A number of proactive fiscal policies can prime states for a more prosperous future, our updated guide explains.  They include:

  • Target economy-boosting investments.  Research shows that investing in services like education, transportation, and health care promotes economic growth and job quality in the long run.  Maintaining and improving these services requires resources.  States should scrutinize existing spending to find savings, raise revenue when necessary, and bring their revenue systems in line with a 21st century economy, such as by broadening the sales tax base to include more services.
  • Improve fiscal planning.  Strong fiscal planning helps states determine the resources needed to sustain, beyond any one budget year, investments critical to economic growth. That’s why policymakers should budget for the future:  lay out a clear roadmap, ensure that budget impact analyses are credible, and create mechanisms to trigger needed mid-year course corrections.
  • Help struggling families.  Years after the official end of the Great Recession, millions of Americans continue to struggle.  Helping people meet basic needs and move up the economic ladder is critical to a state’s long-term success.  States can do this by protecting and expanding Earned Income Tax Credits, which help low- and moderate-income working families keep more of what they earn to pay for things that help them stay on the job, like child care and reliable transportation.

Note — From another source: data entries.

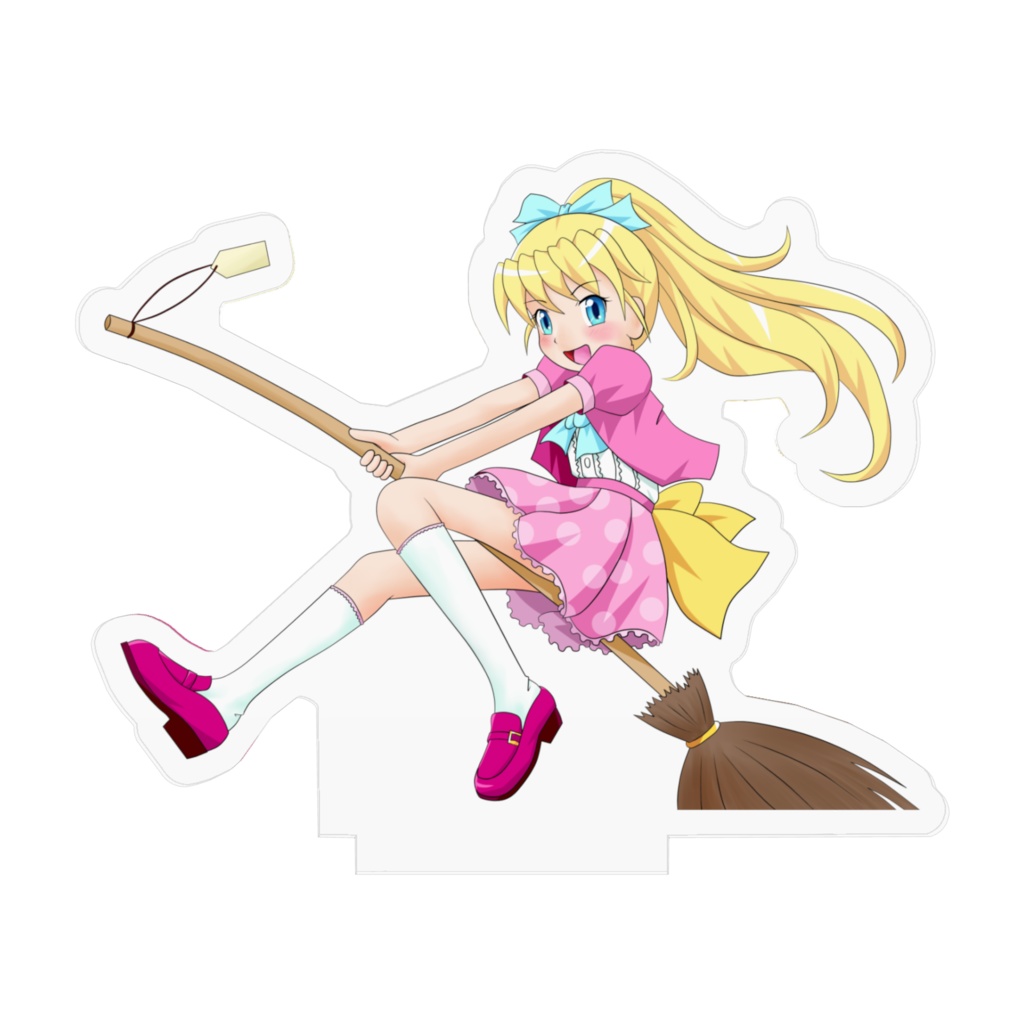 カトリーナ アクスタ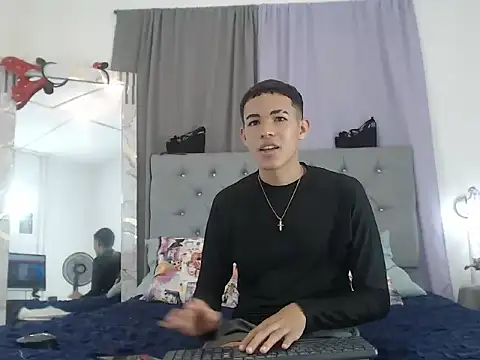 PhillipCox webcam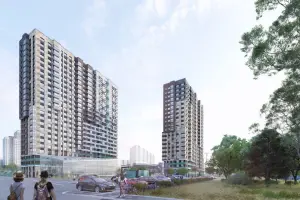 ЖК «Гоголь парк»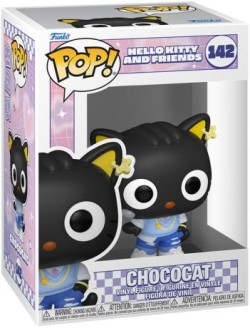 Figurine POP Sanrio : Chococat #142 (2026)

States also should properly fund their unemployment insurance systems and protect supports for the neediest families through Temporary Assistance for Needy Families (TANF).

On the flip side, our guide also recommends that states:

  • Avoid ineffective strategies and gimmicks.  Several states have enacted or considered deep income tax cuts in the name of promoting economic growth.  But these tax cuts typically provide the largest benefits to high-income people, while doing little to nothing for everyone else.  Bad choices in good economic times, these tax cuts are even more unwise when revenues have just barely surpassed pre-recession levels.  The result is less money for services that are fundamental to economic growth, as well as increasingly skewed tax systems in which the lowest-income people pay the biggest shares of their incomes in taxes.